Starting at the line that holds "Illustrative chest print with example names" and stopping at the line that holds "QR code with R&K Auto Appearance Inc contacts", restate the records below word for word, with both of those lines included.

#### Provided material

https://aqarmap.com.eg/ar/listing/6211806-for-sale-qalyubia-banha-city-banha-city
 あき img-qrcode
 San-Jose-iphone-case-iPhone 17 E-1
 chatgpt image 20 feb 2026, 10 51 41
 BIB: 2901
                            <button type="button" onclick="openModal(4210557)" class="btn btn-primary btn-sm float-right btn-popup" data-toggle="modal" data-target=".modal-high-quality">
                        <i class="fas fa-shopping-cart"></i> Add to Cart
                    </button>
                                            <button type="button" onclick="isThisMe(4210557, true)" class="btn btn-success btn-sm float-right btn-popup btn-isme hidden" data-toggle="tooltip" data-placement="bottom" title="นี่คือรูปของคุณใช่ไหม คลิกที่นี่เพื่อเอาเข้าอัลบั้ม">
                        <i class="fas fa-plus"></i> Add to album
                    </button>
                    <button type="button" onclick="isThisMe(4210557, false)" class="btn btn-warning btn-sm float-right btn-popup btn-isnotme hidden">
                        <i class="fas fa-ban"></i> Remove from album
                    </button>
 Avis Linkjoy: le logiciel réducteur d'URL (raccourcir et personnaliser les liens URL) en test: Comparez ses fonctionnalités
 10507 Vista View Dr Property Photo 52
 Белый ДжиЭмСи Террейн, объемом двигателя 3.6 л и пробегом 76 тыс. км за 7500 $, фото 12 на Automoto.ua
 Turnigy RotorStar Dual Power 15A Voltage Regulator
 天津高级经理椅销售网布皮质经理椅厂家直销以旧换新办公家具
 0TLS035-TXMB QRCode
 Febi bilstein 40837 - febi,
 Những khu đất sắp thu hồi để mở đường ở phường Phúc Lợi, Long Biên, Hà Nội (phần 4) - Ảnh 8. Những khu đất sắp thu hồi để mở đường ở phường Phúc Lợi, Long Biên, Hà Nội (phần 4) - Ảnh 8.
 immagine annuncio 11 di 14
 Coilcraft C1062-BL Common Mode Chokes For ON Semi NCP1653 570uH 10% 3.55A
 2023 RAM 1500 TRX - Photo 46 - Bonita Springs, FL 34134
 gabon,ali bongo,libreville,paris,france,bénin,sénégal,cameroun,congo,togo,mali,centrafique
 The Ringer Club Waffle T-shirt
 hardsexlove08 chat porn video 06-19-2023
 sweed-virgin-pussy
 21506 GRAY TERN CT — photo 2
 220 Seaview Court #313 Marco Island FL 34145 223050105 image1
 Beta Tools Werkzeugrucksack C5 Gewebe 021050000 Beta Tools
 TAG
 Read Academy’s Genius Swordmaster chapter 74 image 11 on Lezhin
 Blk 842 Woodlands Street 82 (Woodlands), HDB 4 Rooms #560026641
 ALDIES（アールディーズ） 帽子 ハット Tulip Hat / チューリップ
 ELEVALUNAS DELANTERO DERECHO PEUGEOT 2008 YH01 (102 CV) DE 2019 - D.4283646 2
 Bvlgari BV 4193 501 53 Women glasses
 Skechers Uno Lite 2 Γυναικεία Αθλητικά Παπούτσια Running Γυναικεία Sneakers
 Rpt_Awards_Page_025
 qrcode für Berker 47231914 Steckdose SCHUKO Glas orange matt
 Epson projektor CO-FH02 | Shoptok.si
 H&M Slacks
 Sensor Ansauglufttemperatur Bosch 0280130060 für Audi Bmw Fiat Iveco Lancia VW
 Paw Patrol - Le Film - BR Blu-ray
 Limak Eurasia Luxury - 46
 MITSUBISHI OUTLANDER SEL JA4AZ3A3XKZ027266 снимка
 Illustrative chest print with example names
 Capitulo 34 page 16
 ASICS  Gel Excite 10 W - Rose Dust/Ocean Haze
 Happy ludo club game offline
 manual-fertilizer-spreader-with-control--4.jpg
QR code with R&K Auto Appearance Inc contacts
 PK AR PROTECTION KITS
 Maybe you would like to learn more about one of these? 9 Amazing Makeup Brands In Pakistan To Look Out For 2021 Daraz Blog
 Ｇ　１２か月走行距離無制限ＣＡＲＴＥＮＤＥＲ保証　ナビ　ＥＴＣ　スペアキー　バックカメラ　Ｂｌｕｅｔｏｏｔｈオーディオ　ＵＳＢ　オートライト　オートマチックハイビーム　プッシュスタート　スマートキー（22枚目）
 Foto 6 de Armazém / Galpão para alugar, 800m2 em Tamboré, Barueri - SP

########

Response box -
 Illustrative chest print with example names
 Capitulo 34 page 16
 ASICS  Gel Excite 10 W - Rose Dust/Ocean Haze
 Happy ludo club game offline
 manual-fertilizer-spreader-with-control--4.jpg
QR code with R&K Auto Appearance Inc contacts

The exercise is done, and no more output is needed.